- **WHAT YOU NEED TO DO**: In the listing below, find the line with "Photo12: N1227C Vintage" and copy every line from there up to and including the line with "Alta do dólar", exactly and without pictures.

- **MATERIAL SHOWN**:

>>>

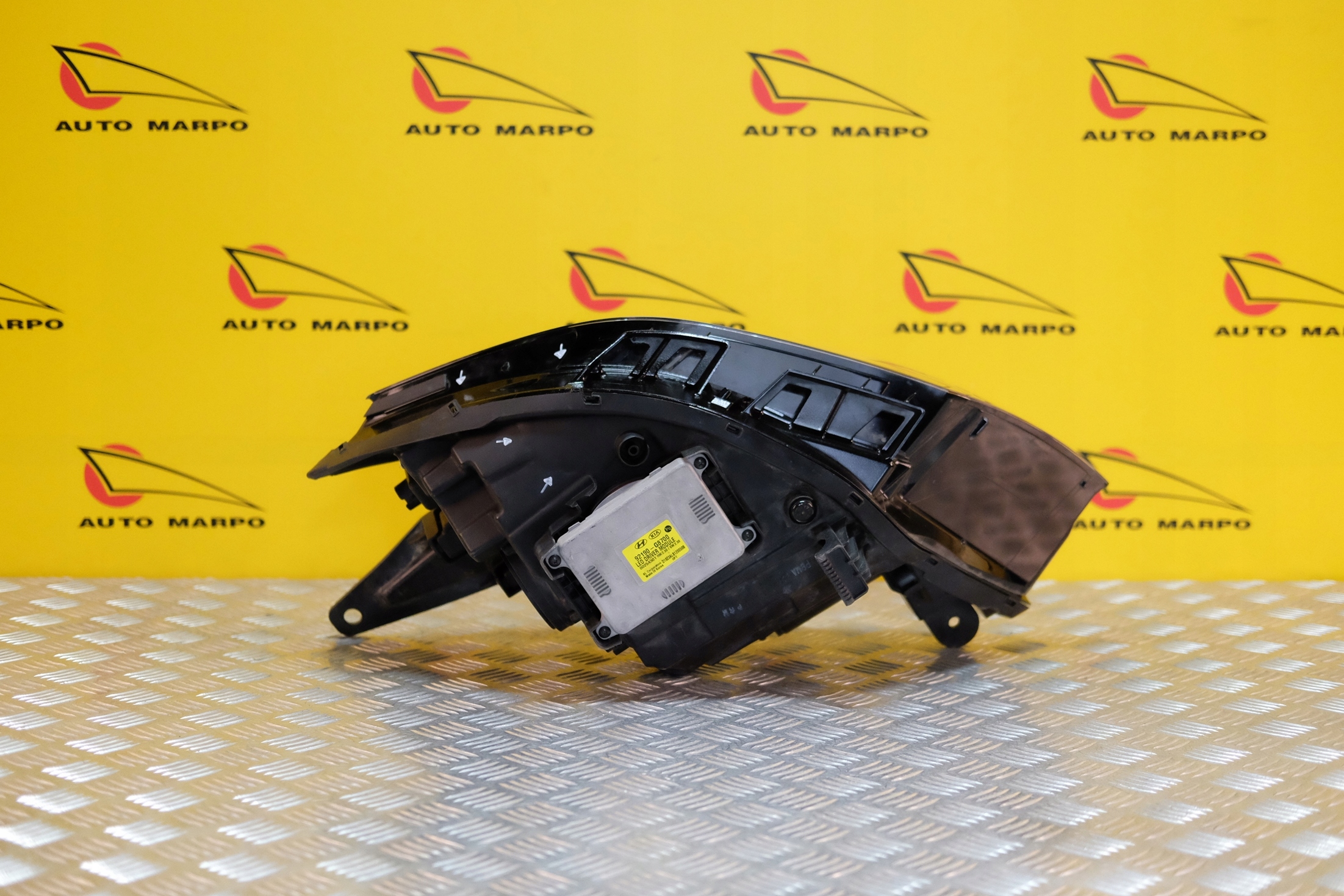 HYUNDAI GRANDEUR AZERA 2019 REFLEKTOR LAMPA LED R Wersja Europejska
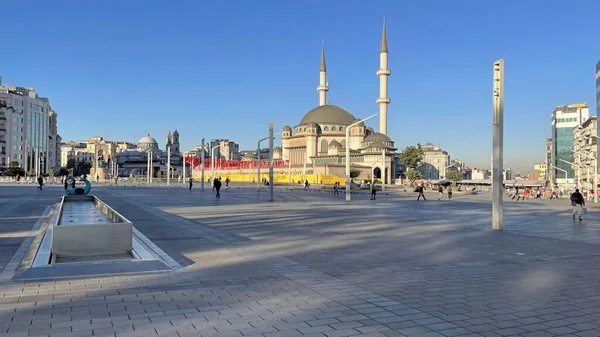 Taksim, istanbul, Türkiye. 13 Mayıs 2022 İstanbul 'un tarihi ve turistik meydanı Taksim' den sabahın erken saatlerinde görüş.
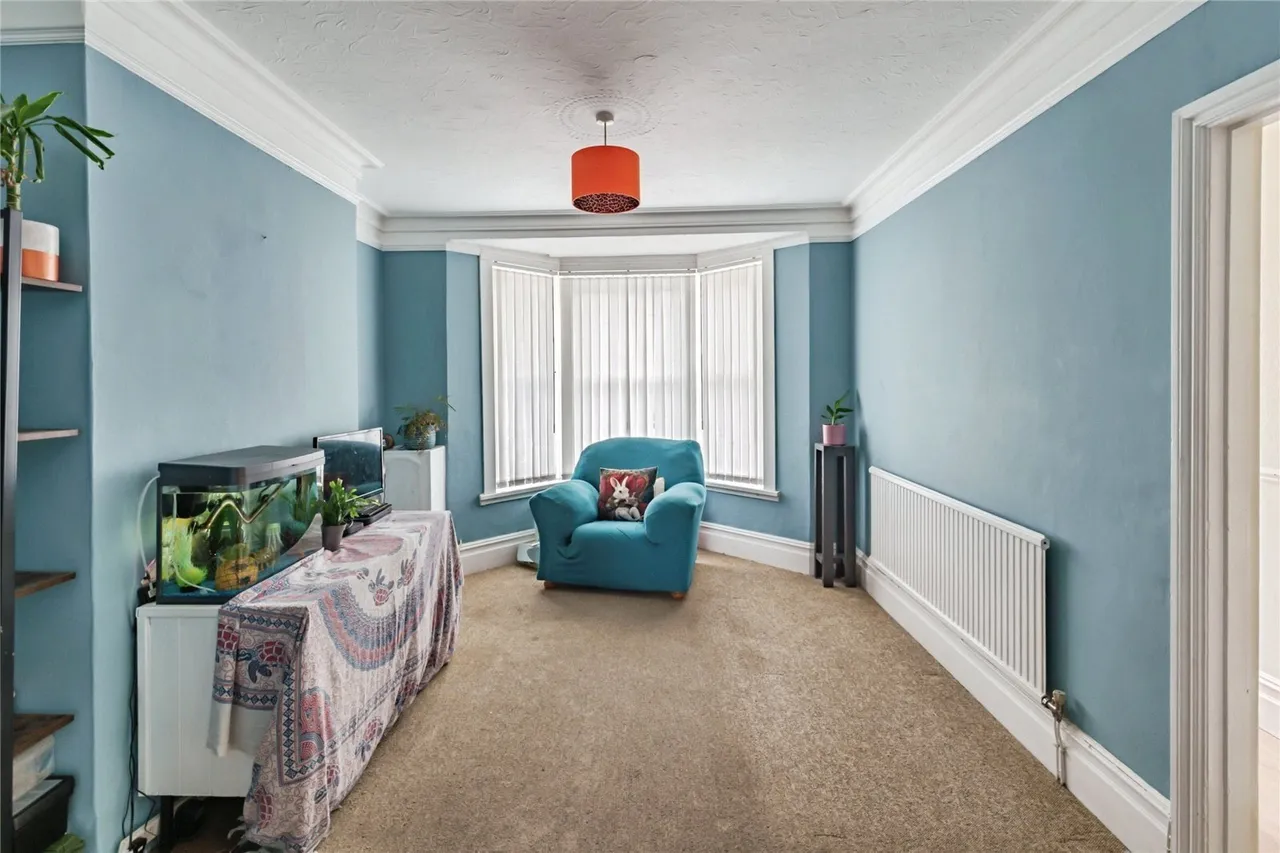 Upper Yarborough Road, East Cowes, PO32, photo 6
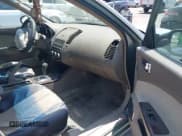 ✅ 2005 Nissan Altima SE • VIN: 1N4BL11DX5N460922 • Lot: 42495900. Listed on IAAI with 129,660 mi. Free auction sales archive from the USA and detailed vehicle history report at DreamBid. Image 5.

<<<
>>>

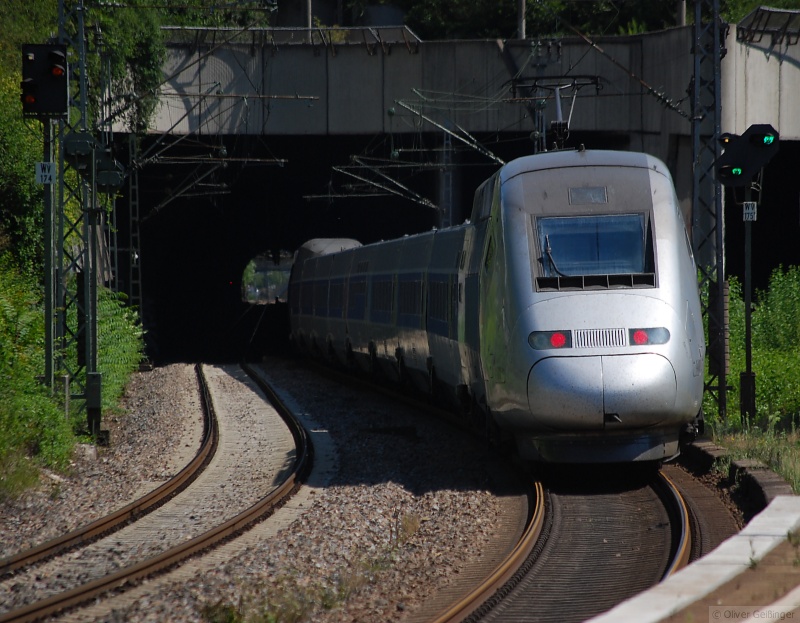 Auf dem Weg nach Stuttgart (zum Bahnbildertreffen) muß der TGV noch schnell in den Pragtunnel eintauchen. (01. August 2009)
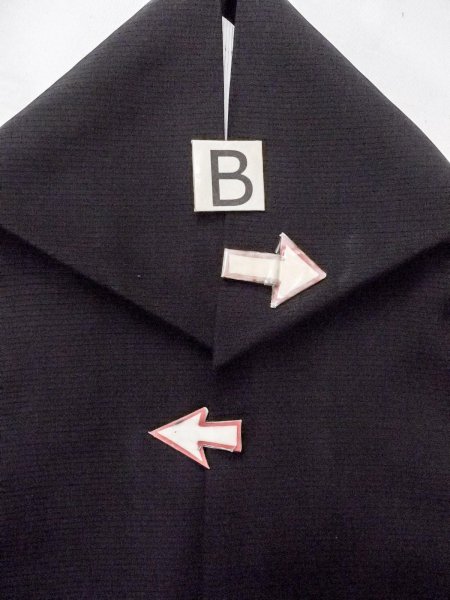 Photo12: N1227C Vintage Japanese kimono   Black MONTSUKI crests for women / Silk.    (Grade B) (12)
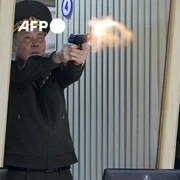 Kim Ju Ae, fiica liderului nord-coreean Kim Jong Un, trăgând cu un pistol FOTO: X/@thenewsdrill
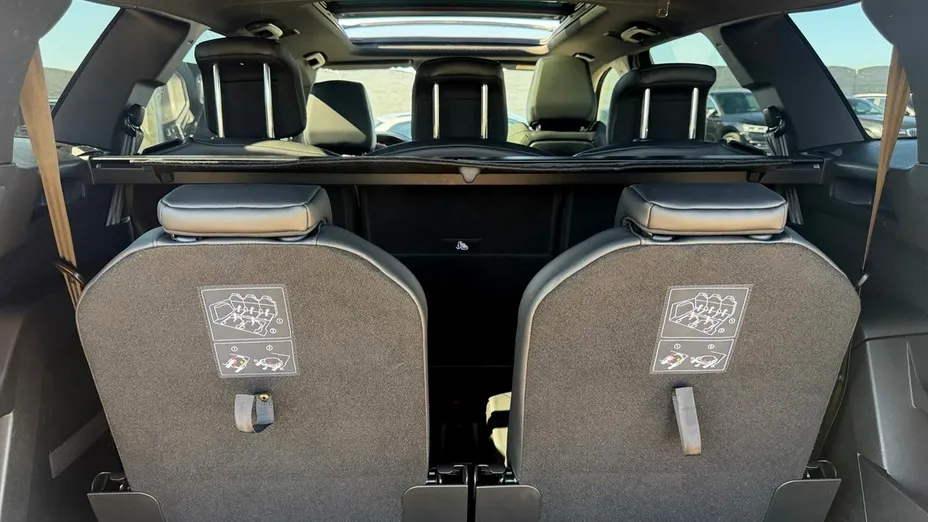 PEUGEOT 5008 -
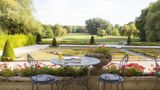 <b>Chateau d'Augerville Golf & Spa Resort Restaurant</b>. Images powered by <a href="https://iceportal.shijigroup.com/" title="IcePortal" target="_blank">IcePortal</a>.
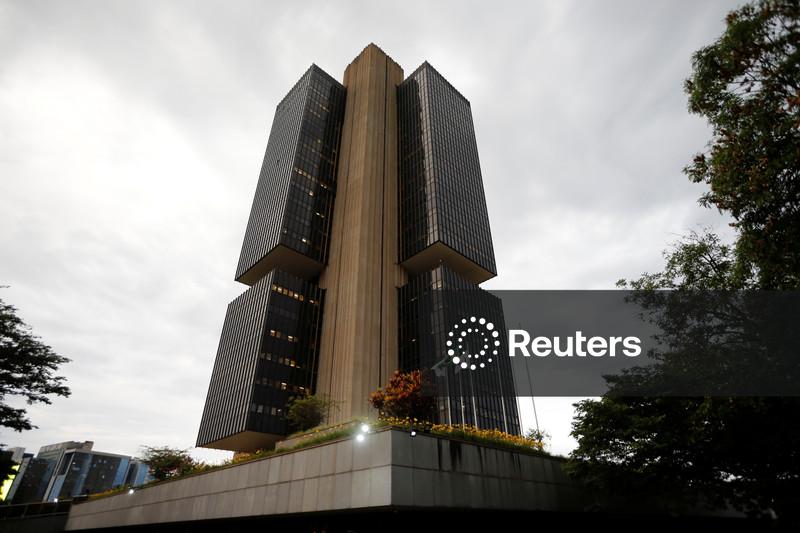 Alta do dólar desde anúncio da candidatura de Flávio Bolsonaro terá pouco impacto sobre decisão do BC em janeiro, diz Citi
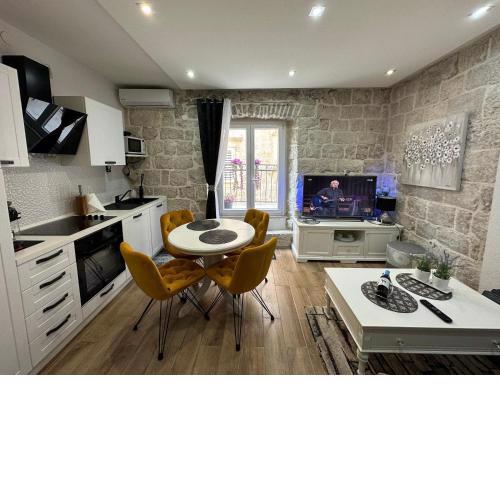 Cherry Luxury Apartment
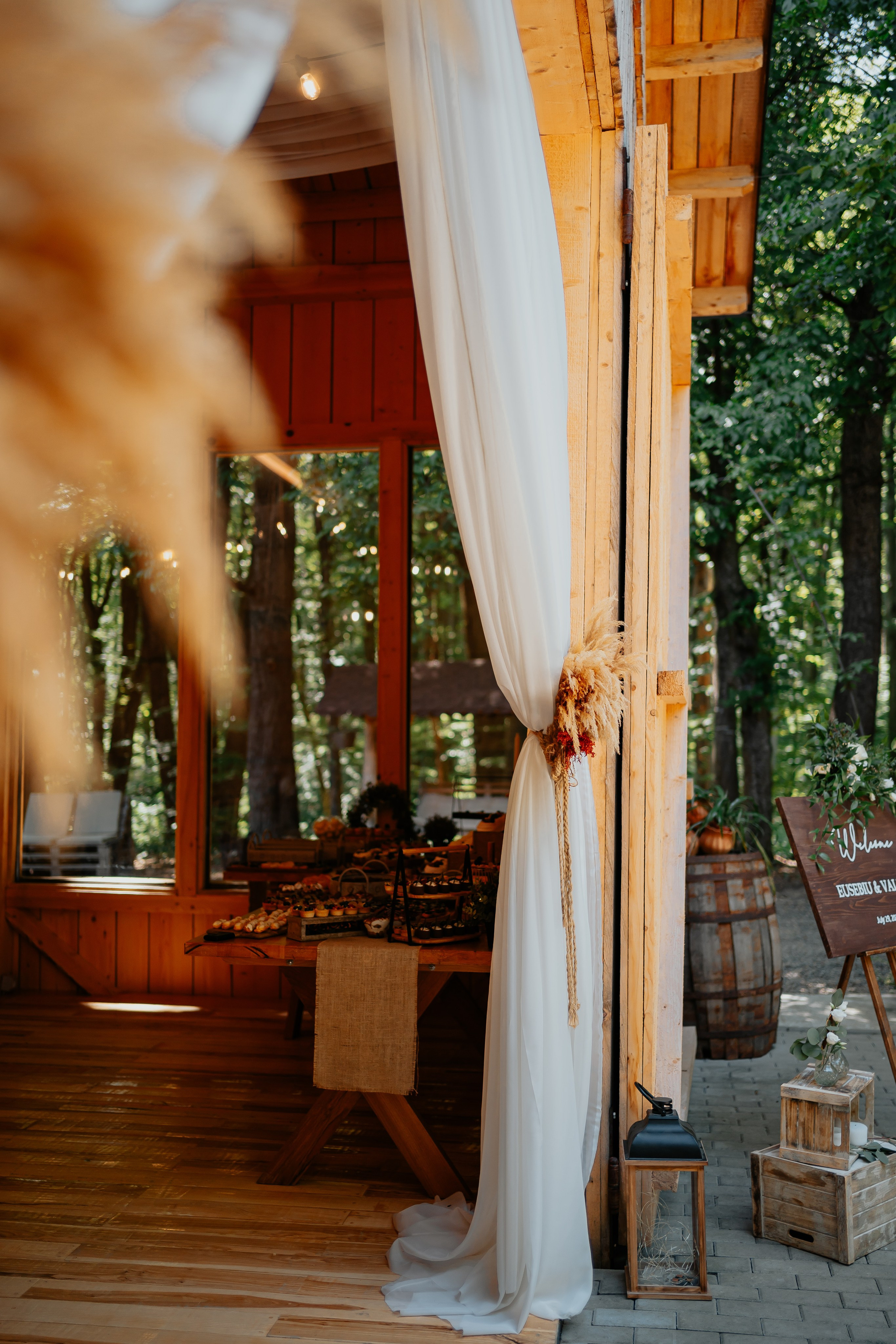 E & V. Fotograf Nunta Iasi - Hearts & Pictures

<<<
>>>

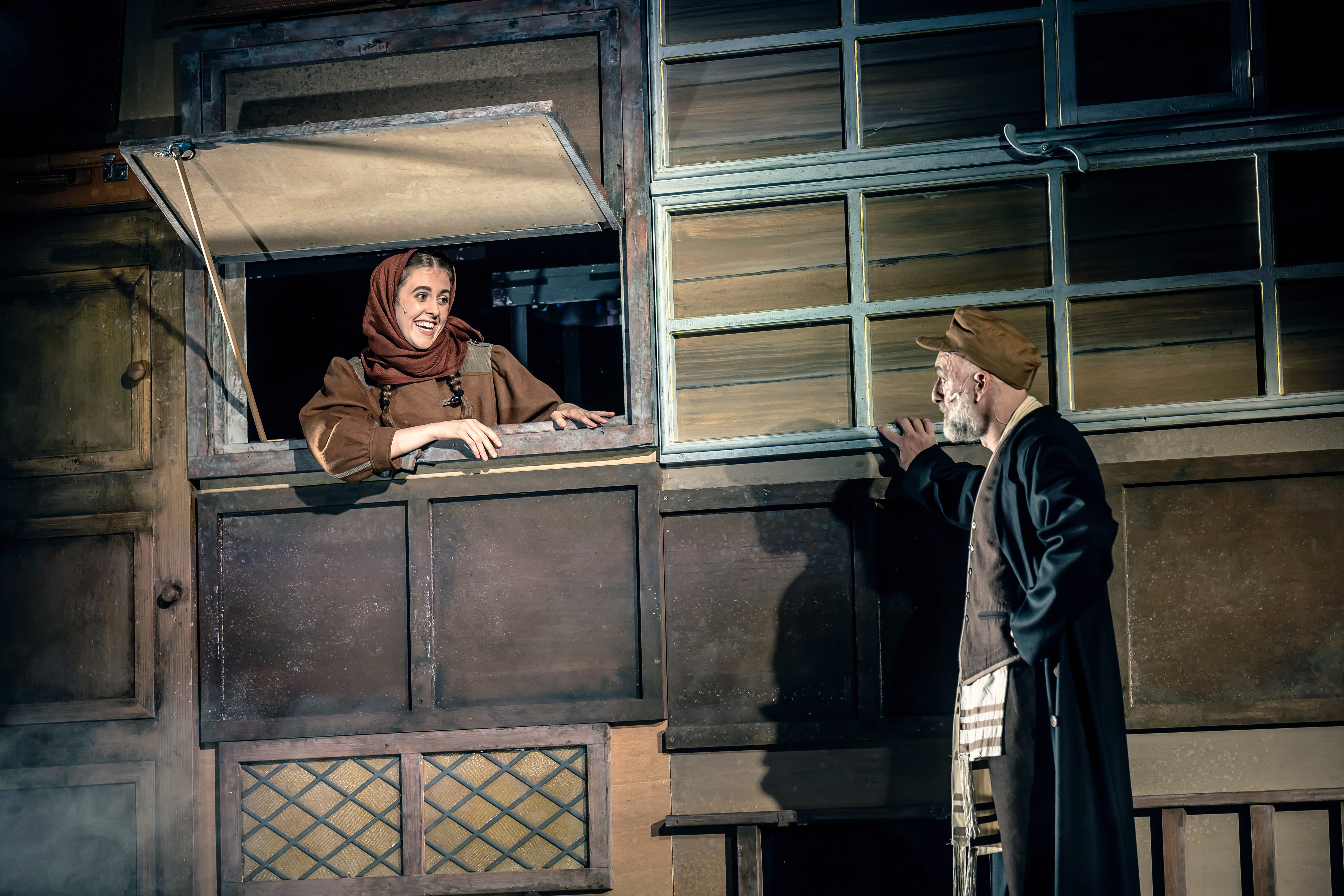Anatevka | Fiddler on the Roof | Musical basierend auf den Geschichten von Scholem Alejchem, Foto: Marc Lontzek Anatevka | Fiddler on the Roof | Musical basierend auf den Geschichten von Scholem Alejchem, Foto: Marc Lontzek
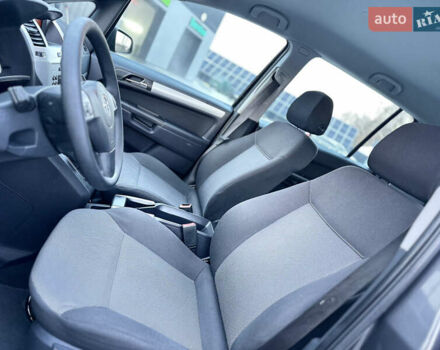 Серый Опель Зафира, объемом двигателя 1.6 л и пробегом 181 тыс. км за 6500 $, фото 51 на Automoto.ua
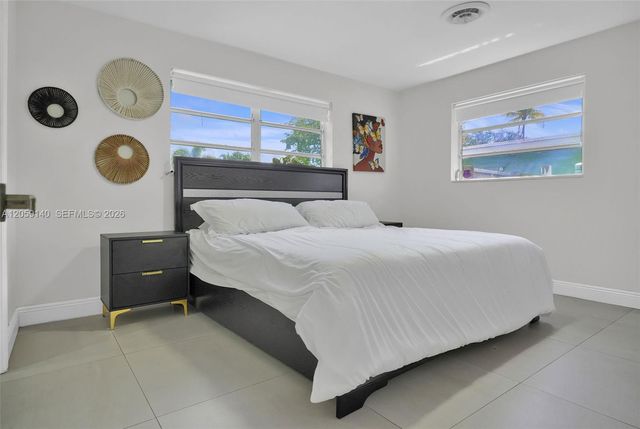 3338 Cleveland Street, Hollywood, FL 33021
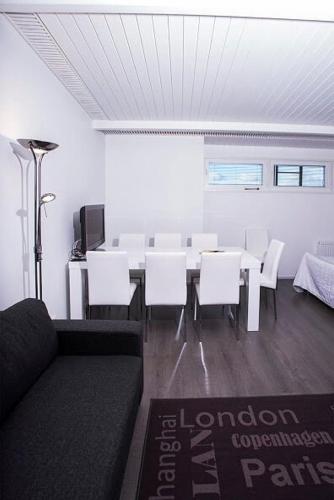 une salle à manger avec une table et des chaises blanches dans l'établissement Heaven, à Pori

<<<

- **SOLUTION FOR THIS EXERCISE**:
 Photo12: N1227C Vintage Japanese kimono   Black MONTSUKI crests for women / Silk.    (Grade B) (12)
 Kim Ju Ae, fiica liderului nord-coreean Kim Jong Un, trăgând cu un pistol FOTO: X/@thenewsdrill
 PEUGEOT 5008 -
 <b>Chateau d'Augerville Golf & Spa Resort Restaurant</b>. Images powered by <a href="https://iceportal.shijigroup.com/" title="IcePortal" target="_blank">IcePortal</a>.
 Alta do dólar desde anúncio da candidatura de Flávio Bolsonaro terá pouco impacto sobre decisão do BC em janeiro, diz Citi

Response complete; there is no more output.